There are moves that I’ve watched senior eCommerce leaders make again and again. The desired results almost never materialize. In fact, these decisions usually leave a struggling or vulnerable business in even worse shape.

And yet…I see these decisions made repeatedly, with conviction. If you have an understanding of consumer behavior and customer lifecycle dynamics, you will immediately understand why these strategies will never work.

To save you some future heartache, I’ve outlined five common eCommerce strategies that will almost always fail, and why.

Not Taking Control Of The Full Funnel

Believe it or not, some eCom professionals still don’t manage their business in terms of acquisition and retention. Instead, they set traffic goals for each marketing channel with assumed conversion rates. Will that traffic yield new or returning customers? Doesn’t matter as long as we hit ROAS!

What’s wrong with this approach? It makes managing the business and hitting sales targets a lot more opaque and risky.
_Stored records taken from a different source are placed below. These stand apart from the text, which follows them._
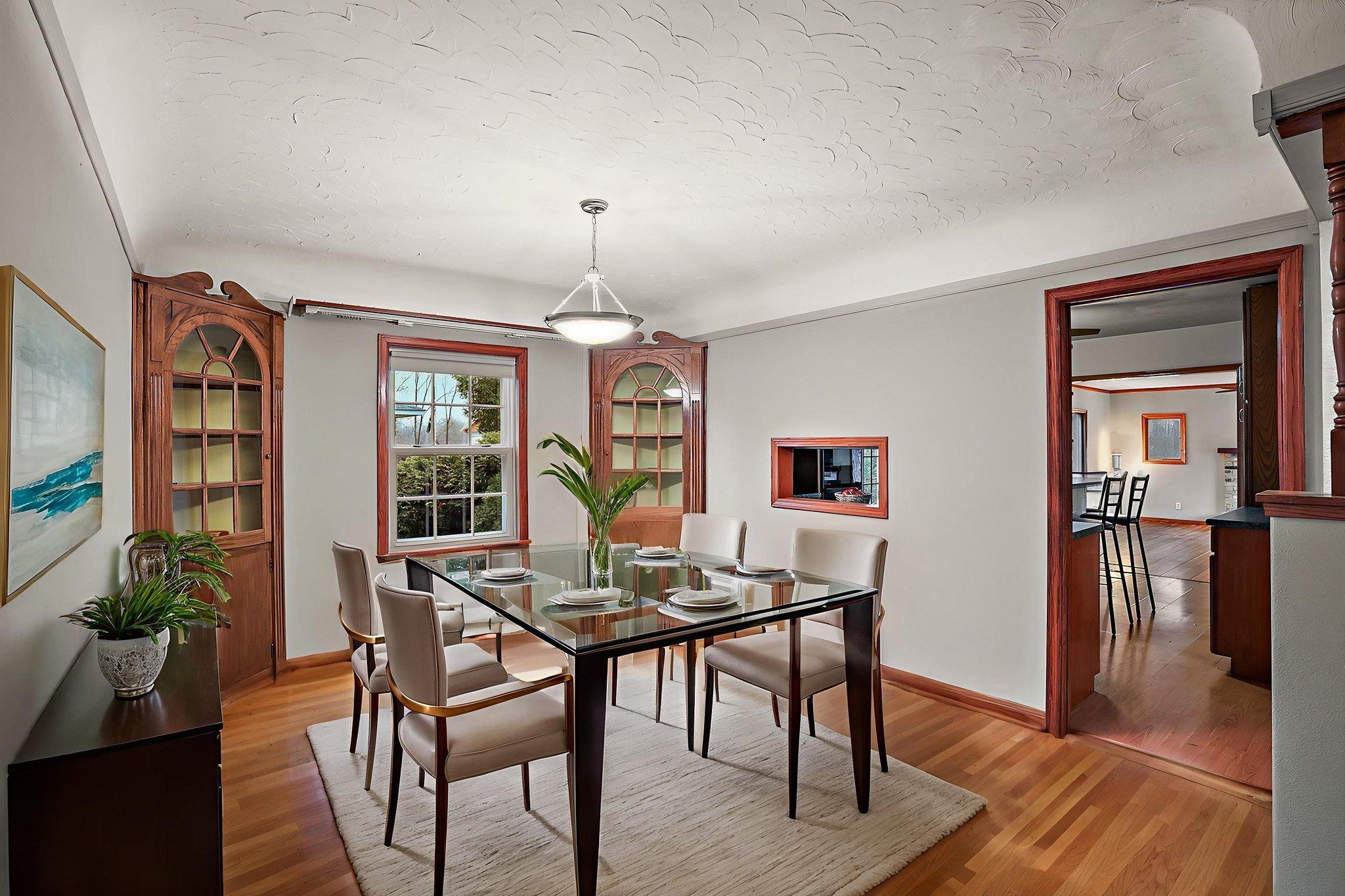 15717 Clayton Avenue E Property Photo 14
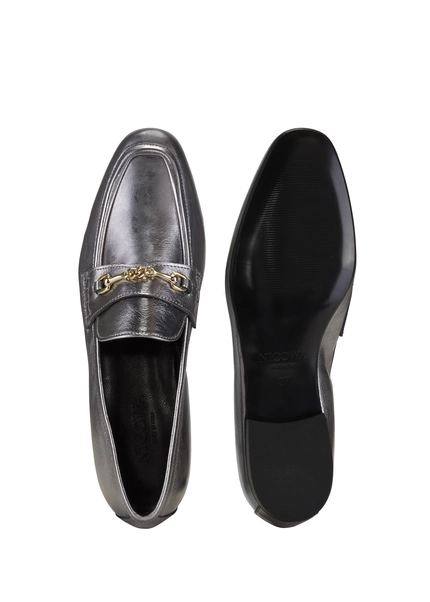 Nicowa Classic loafer with metal application MOCASO in SILVERarticle number NC8A21503031E-088 Kostenloser Versand international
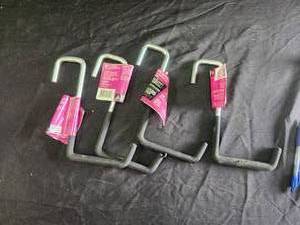 lot 232 image: Selection of 4 HD rafter hooks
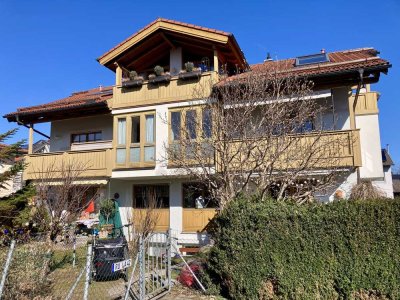 +++Rarität -  Großzügige  4 Zimmer Dachgeschosswohnung mit tollem Bergblick, in bester Lage+++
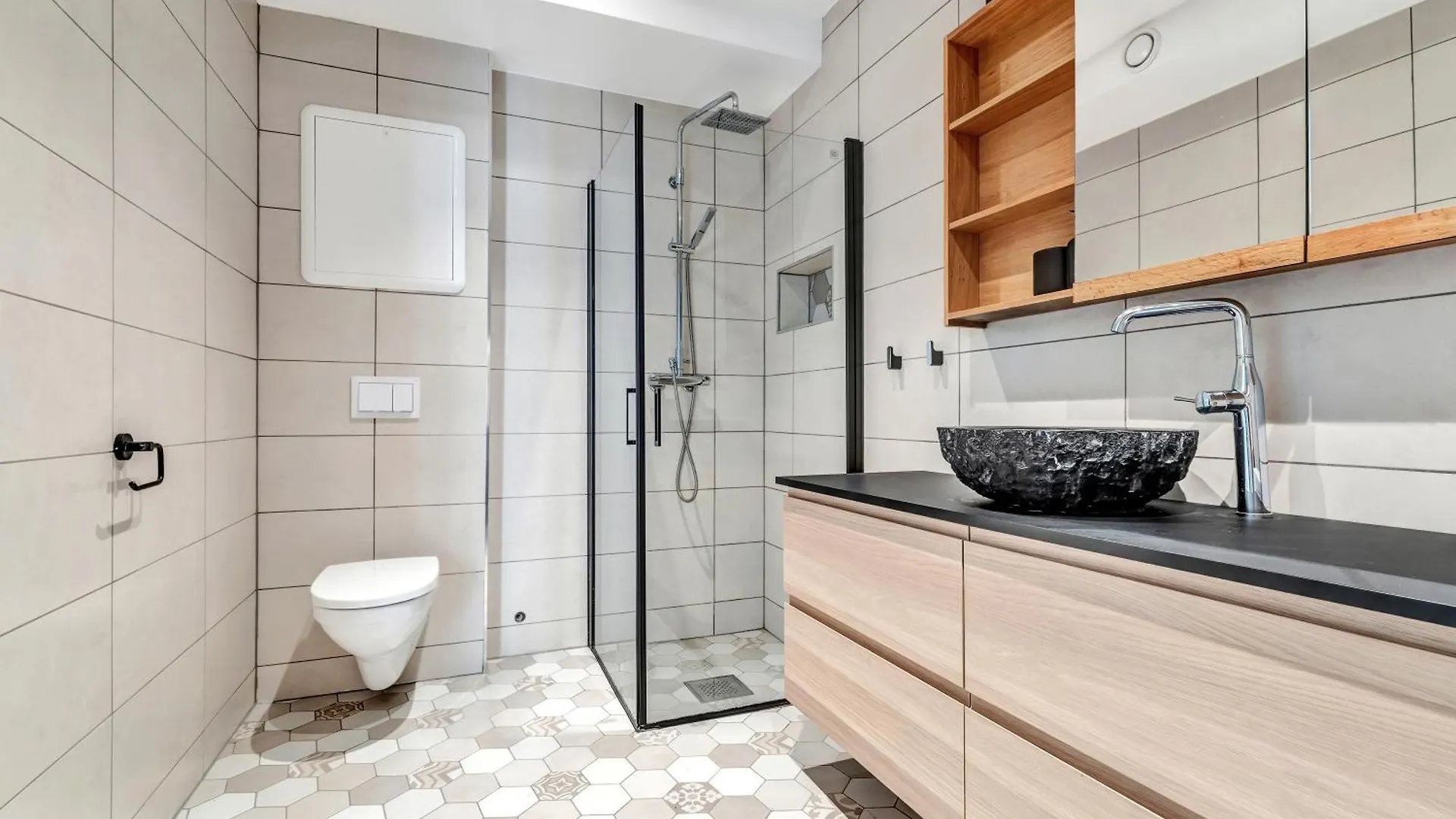 Modern Apartment By Bergen Harbor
And that leads to stress and a lack of clear priorities, which all too often leads to unprofessional behavior.

Your sales on any given day are coming from one of two places: new customers or returning customers. You can study historical data and use some observations on consumer behavior to predict your returning customers’ likelihood to buy during a given period. Acquisition then needs to make up for the rest.

Even if you choose to ignore customer behavior and manage the business at the channel level, channels are still full of customers! If you don’t understand the levers for improving retention, or for pushing new demand into the business, you’ll eventually reach a strategic dead end.

Drastically Changing The Product Assortment To Drive Growth

This strategy comes in a few flavors. Maybe a certain product category is eliminated. Maybe prices are increased across the board. Maybe the brand brings in a new creative director and the style, fit or formulation of the product changes.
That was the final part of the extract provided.